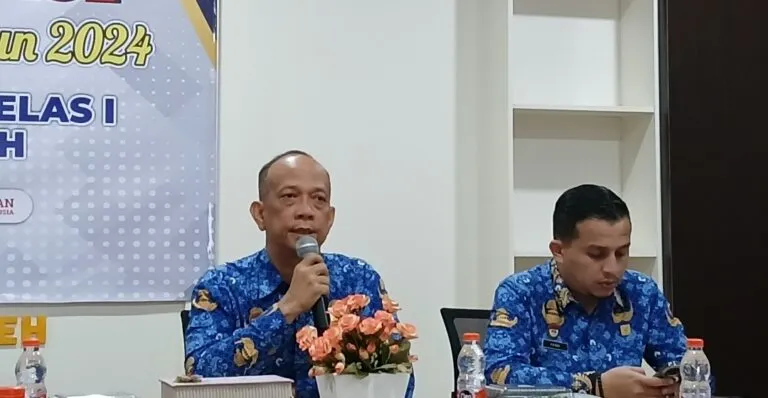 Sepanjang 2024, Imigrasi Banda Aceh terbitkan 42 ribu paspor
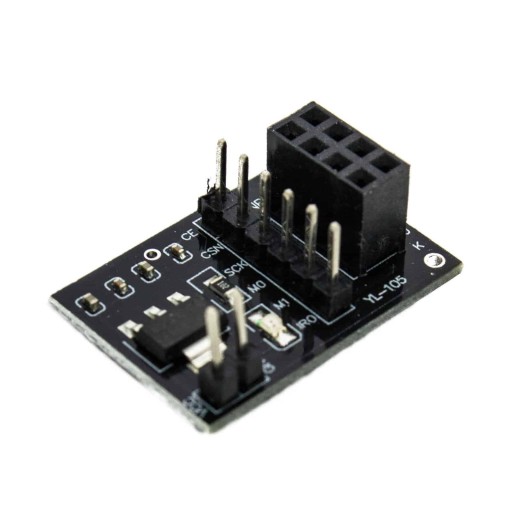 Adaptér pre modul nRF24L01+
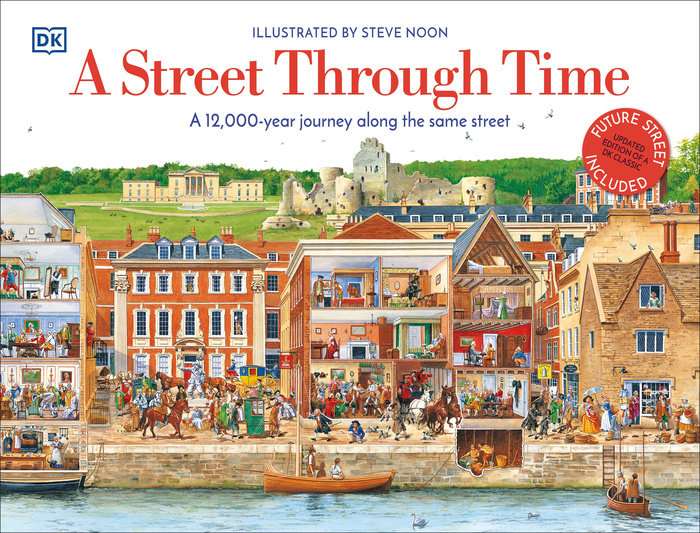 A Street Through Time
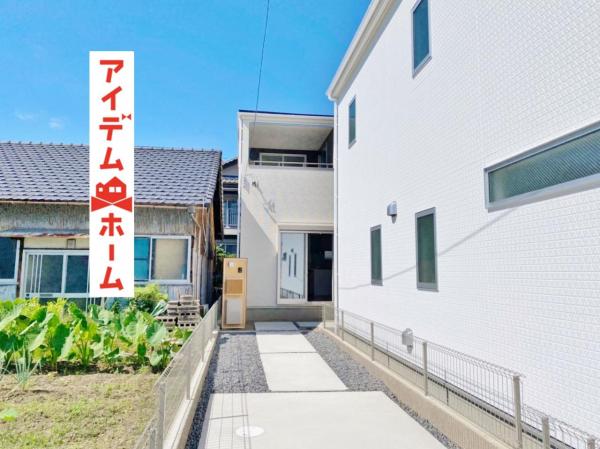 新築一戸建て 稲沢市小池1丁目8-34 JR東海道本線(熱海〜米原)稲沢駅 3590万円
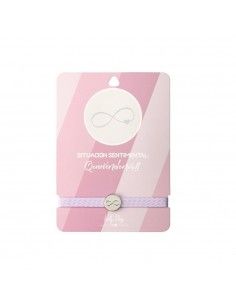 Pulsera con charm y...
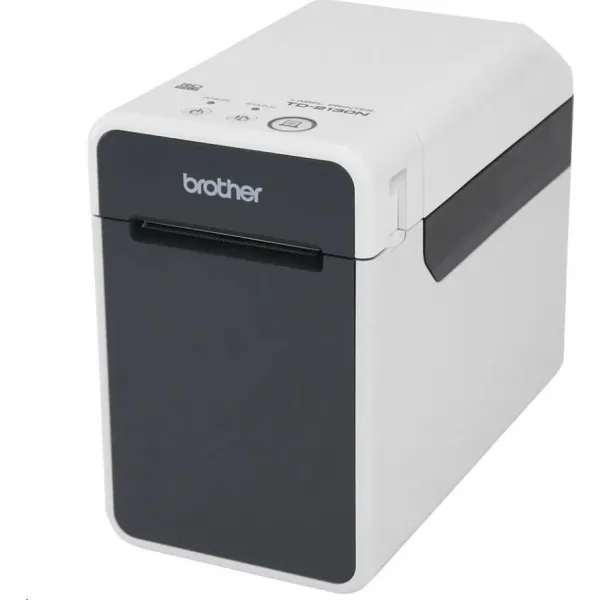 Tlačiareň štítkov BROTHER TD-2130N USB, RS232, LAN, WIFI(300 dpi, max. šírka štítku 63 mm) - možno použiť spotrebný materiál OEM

...

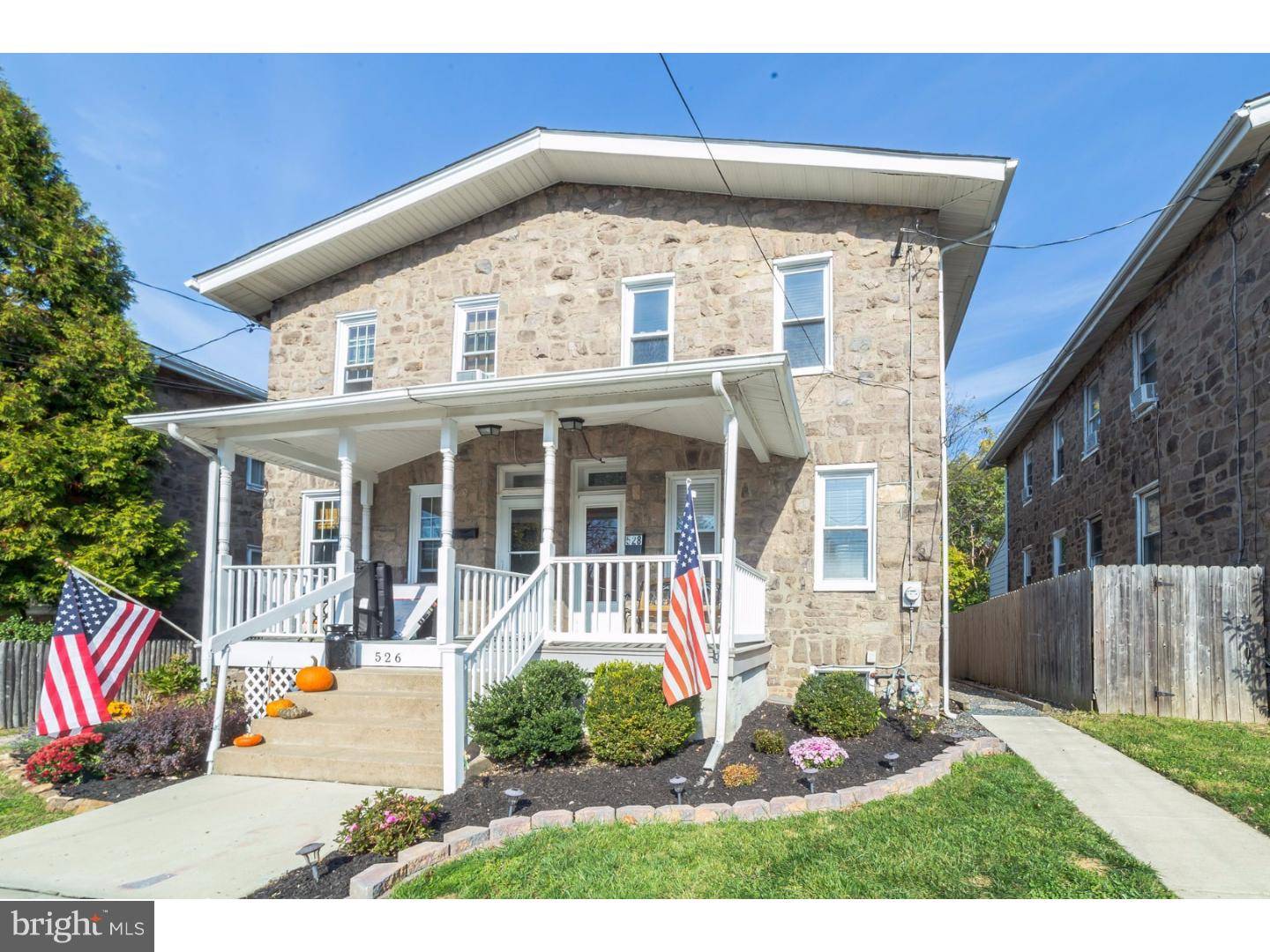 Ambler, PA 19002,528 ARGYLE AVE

* * *

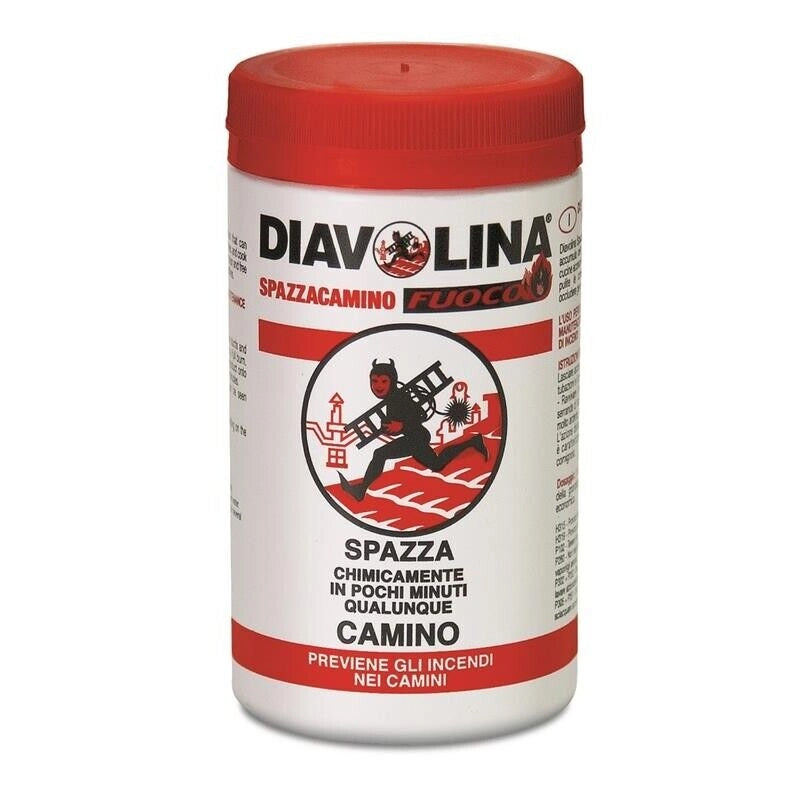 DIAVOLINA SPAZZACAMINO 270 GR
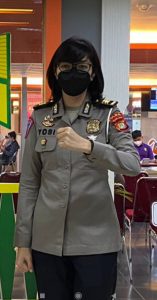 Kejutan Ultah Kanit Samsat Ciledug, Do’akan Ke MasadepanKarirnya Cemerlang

_PROBLEM_
Everything above from the line that has "新築一戸建て 稲沢市小池1丁目8-34 JR東海道本線(熱海〜米原)稲沢駅 3590万円" down to the line that has "Tlačiareň štítkov BROTHER" should be output exactly, with both of those lines included. Leave the pictures behind.

_EXERCISE RESULT_
 新築一戸建て 稲沢市小池1丁目8-34 JR東海道本線(熱海〜米原)稲沢駅 3590万円
 Pulsera con charm y...
 Tlačiareň štítkov BROTHER TD-2130N USB, RS232, LAN, WIFI(300 dpi, max. šírka štítku 63 mm) - možno použiť spotrebný materiál OEM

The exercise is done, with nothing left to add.